On Thursday, August 2, the nine members of the Bank of England’s Monetary Policy Committee voted unanimously to increase the bank interest rate from 0.5% to 0.75%. Borrowers with non-fixed mortgages should expect to pay more interest, but it is unlikely that many short-term bridging lenders will raise their rates.
Many alternative lenders raise funds to lend to borrowers who are not dependent on the Bank of England base rate. There is fierce competition between bridging lenders, which could mean that most lenders will not raise rates in case borrowers find cheaper rates elsewhere.
Quoted by BridgingAndCommercial.co.uk this week, Benson Hersch, the CEO of the Association of Short Term Lenders, said:
“Unless there is an expectation of further increases in the medium term, I don’t expect rate rises to affect short-term lenders.”
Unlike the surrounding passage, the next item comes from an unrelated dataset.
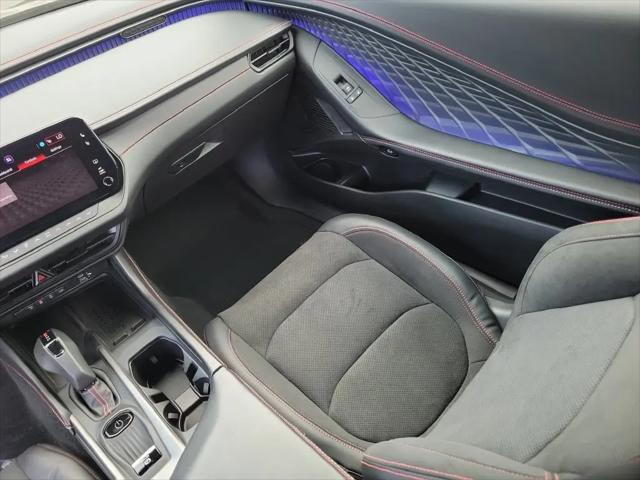 2024 Dodge Charger Daytona Scat Pack AWD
Many short-term loans are used while waiting for long-term finance such as a mortgage to be available. Investors who are using a combination of bridging lending and a mortgage to finance property deals will find the total cost of the property becomes higher, but the extra costs will more than likely be due to paying more interest on the long-term loan funds.
Rising interest rates can affect the value of property, but supply and demand levels in an area influence property prices more. Higher interest rates increase the costs for buy-to-let and commercial landlords with mortgages. They may pass on these costs in the form of higher rents.